Restate all the lines below word for word, but omit the pictures.

DATA BELOW
##############################
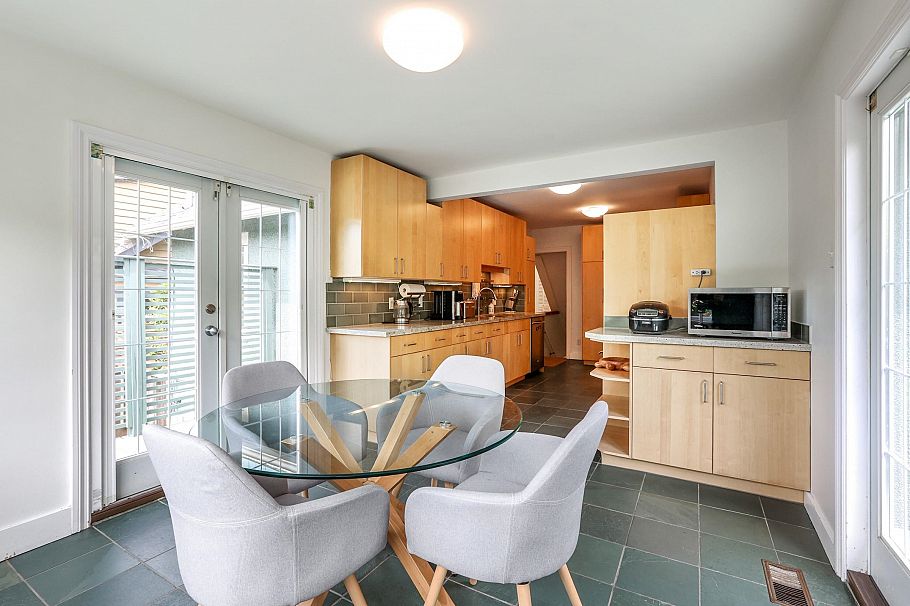 3962 W 22nd Avenue Vancouver, BC - 8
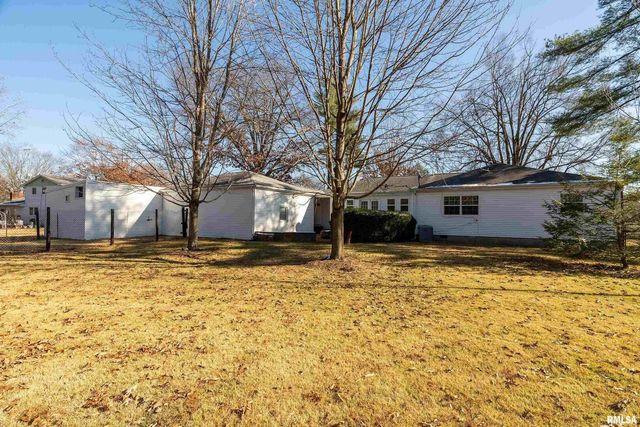 203 Fairway Vista Road, Murphysboro, IL 62966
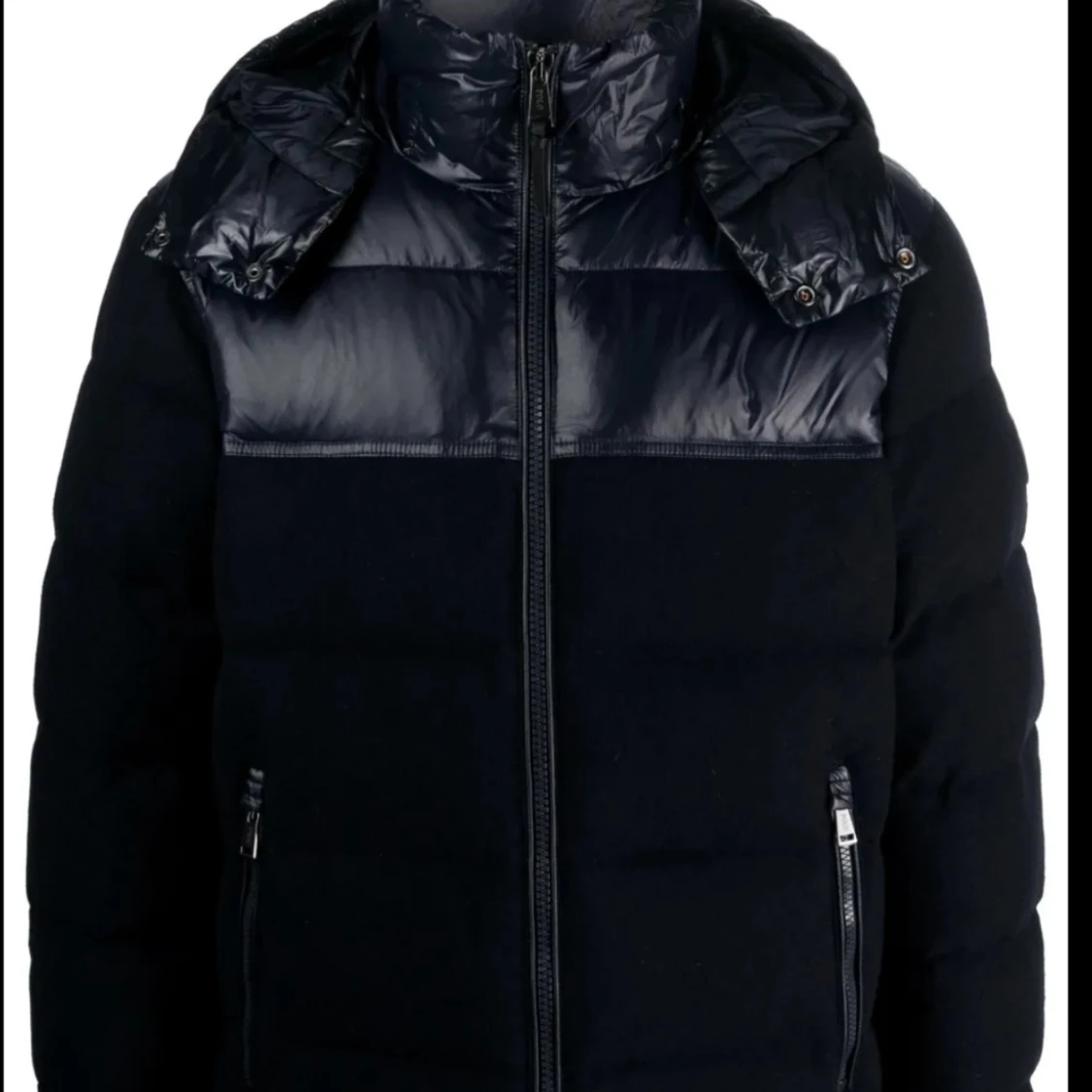 Svart pufferjacka med glansig huva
##############################
TASK RESULT
 3962 W 22nd Avenue Vancouver, BC - 8
 203 Fairway Vista Road, Murphysboro, IL 62966
 Svart pufferjacka med glansig huva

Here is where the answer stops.